Similarly, there is real substance to what people talk about as Web 3.0 and the semantic web.

It’s all about data.

It’s just that. One little and very un-sexy word. There’s no need to get all hot and bothered about intelligence, meaning, reasoning, etc. It’s all about data. It’s about making data more uniform, more accessible, easier to create, to share, to find, and to organize.

If you read around on the web, there are dozens of articles about the upcoming web. Some are quite clear that it’s all about the data. But many give into the temptation to jump on the intelligence bandwagon, and rabbit on about the heady wonders of the upcoming semantic web (small-s, capital-S, I don’t mind). Intelligent agents will read our minds, do the washing, pick up the kids from school, etc.
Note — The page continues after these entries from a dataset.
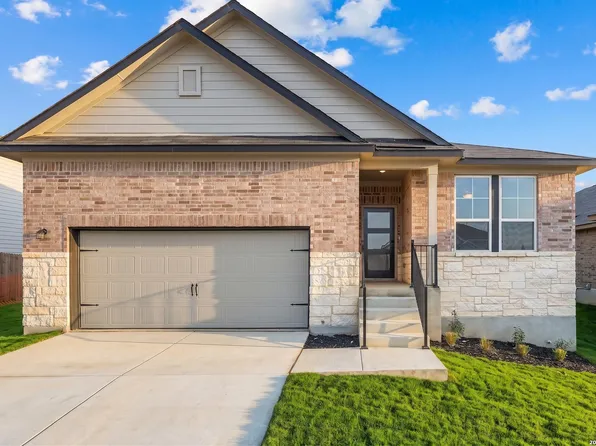 6510 Lowrie Block, San Antonio, TX 78239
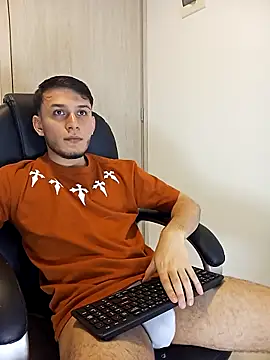 TommyYoung77 online show from March 14, 2026, 6:08 am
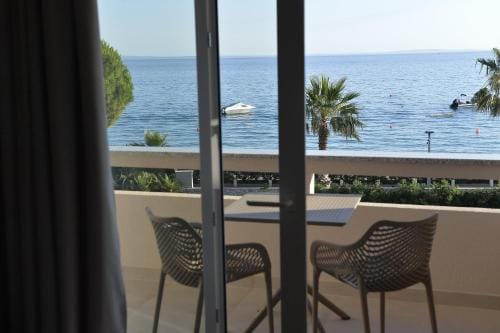 Suites Villa Ropus Hotel in Novalja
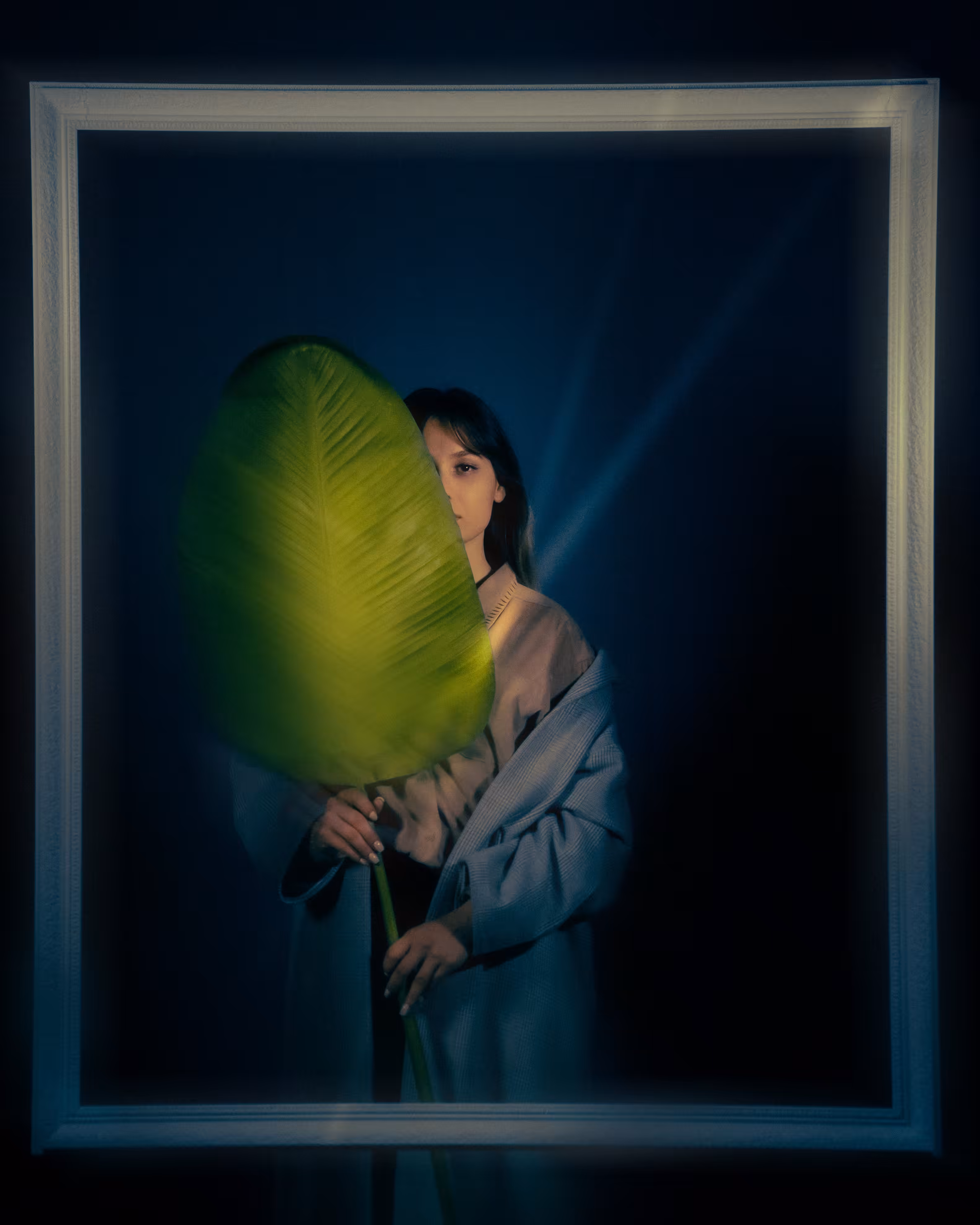 Veil of Verdancy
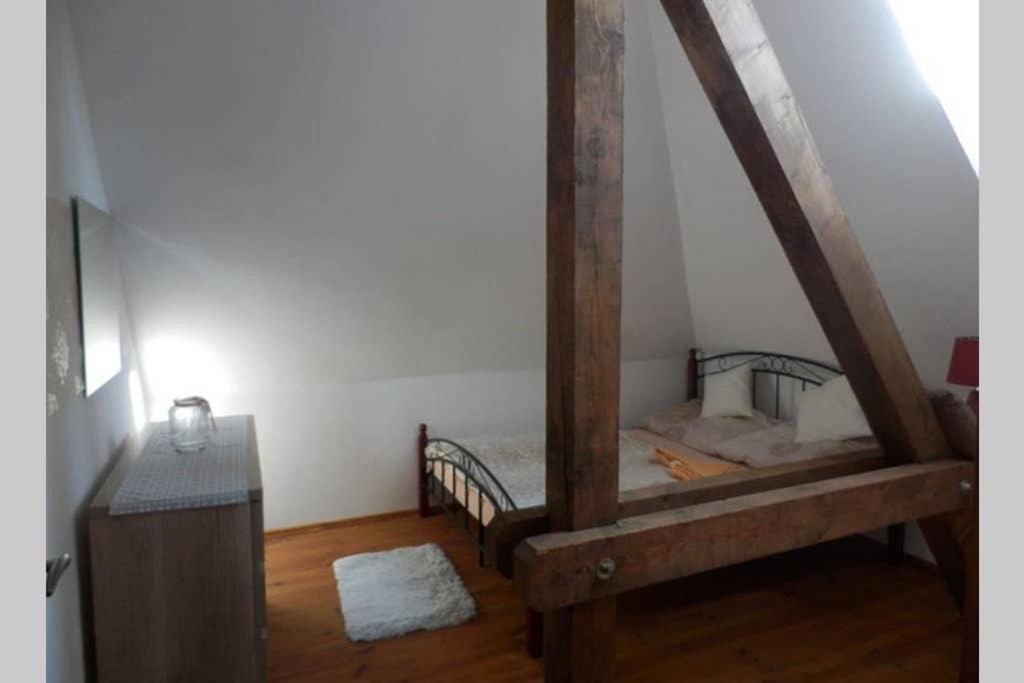 Zamecek Zdiky - Moderni Velky Apartman Bujanov 外观 照片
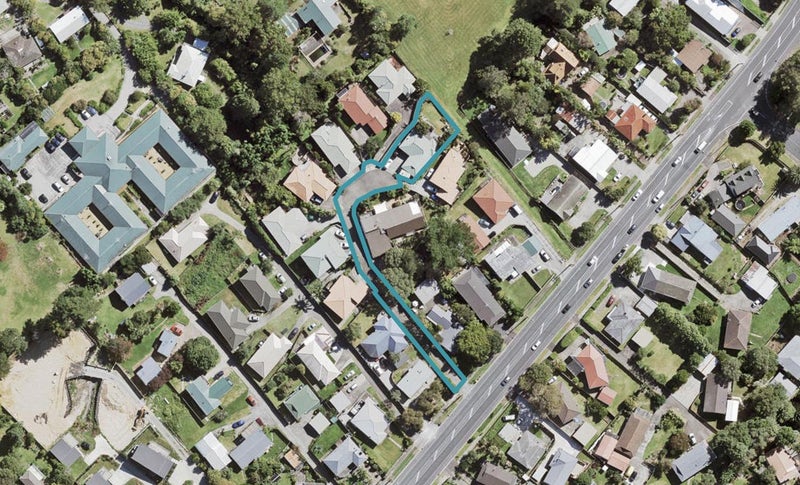 45C Forest Hill Road, Henderson, Auckland - Carousel 1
Some articles mix in a bit of both. I just got done reading a great example, A Smarter Web: New technologies will make online search more intelligent–and may even lead to a “Web 3.0.”

As you read it, try to keep a clean separation in mind between the AI side of the romantic semantic web and simple data. Every time intelligence is mentioned, it’s vague and with an acknowledgment that this kind of progress may be a little way off (sound familiar?). Every time real progress and solid results are mentioned, it’s because someone had the common sense to take a bunch of data and put it into a better format, like RDF, and then take some other routine action (usually search) on it.

I fully agree with those who claim that important qualitative advances are on their way. Yes, that’s a truism. I mean that we are soon going to see faster-than-usual advances in how we work with information on the web. But the advances will be driven by mundane improvements in data architecture, and, just like computers “learning” to “play” chess, they will have nothing at all to do with intelligence.

I should probably disclose that I’m not financially neutral on this subject. I have a small company that some would say is trying to build the semantic web. To me, it’s all about data architecture.